How does one decide whether a theorem is qualitatively complex rather than hard?
Namely, how does one know when the proof of the theorem is irreducibly complex up to the least amount of computational steps required for a theorem's proof to Q.E.D.
How does one decide whether a theorem is qualitatively complex rather than hard?
Namely, how does one know when the proof of the theorem is irreducibly complex up to the least amount of computational steps required for a theorem's proof to Q.E.D.
Proof complexity is mainly studied for propositional calculus. To extend the notion to typical "real" math theorems that require the expressiveness of first-order logic, you could define the complexity of a theorem to be the number of steps in its shortest natural deduction proof.

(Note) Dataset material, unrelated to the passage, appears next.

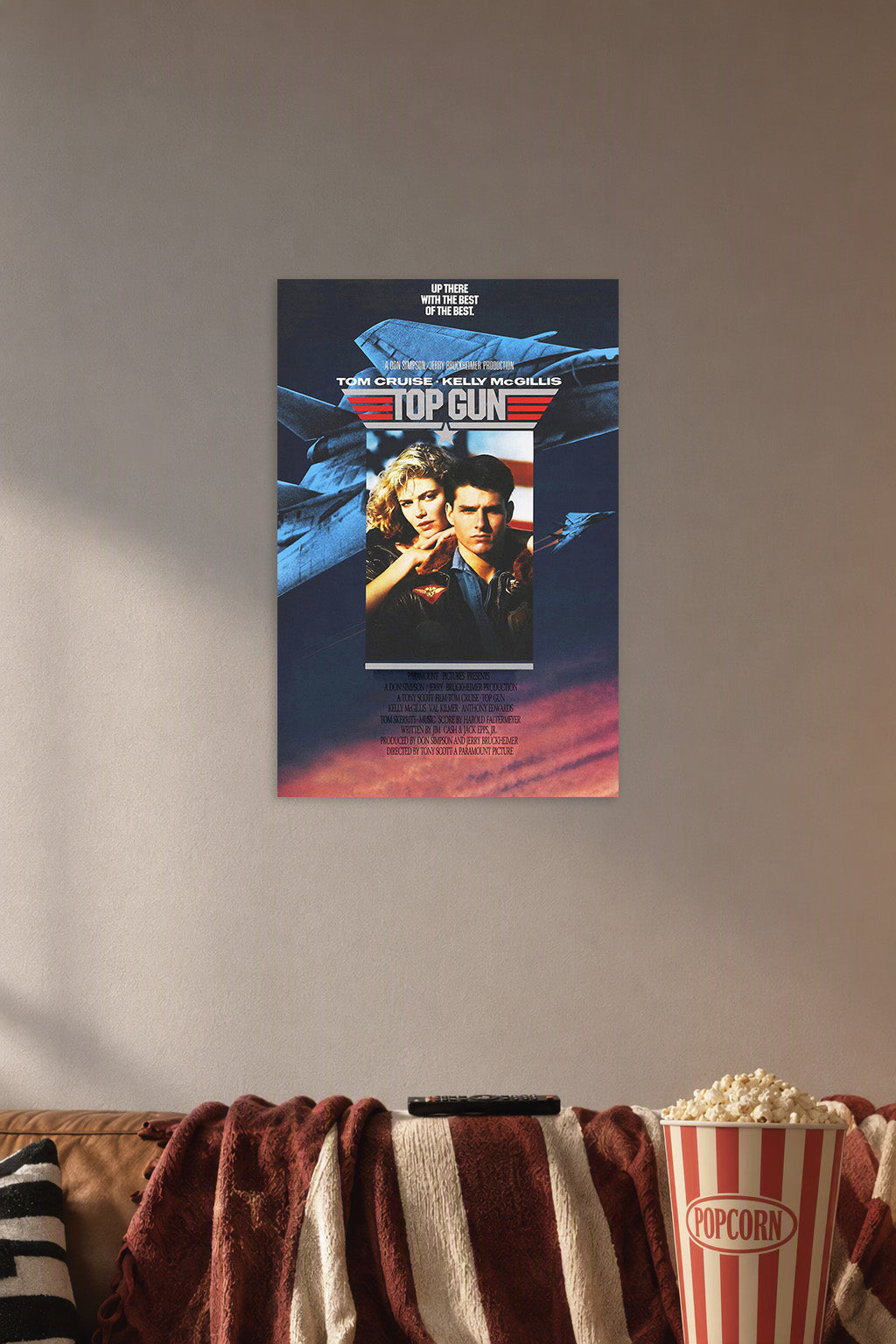 Top Gun Movie in a cozy movie room above a brown sofa with popcorn.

I don't think there's a practical way to compute this, though; you'll essentially have to just enumerate all possible proofs in order of length, checking to see if they prove the given sentence. If you don't already know that the given sentence (or its negation) is provable (i.e. that the sentence is not independent), there's no way to know when to stop searching.
More precisely, there's no computable function $L$ from strings to numbers such that whenever $\varphi$ is provable, $L(\varphi)$ is an upper bound on the length of the shortest proof of $\varphi$. If there were, then we could solve the halting problem by letting $\varphi$ be the statement that a given program halts and then checking all possible proofs up to length $L(\varphi)$ to see if $\varphi$ is provable.
In other words, as we consider longer and longer sentences, we encounter theorems that require "very long" proofs: any upper bound on proof complexity grows faster than any computable function.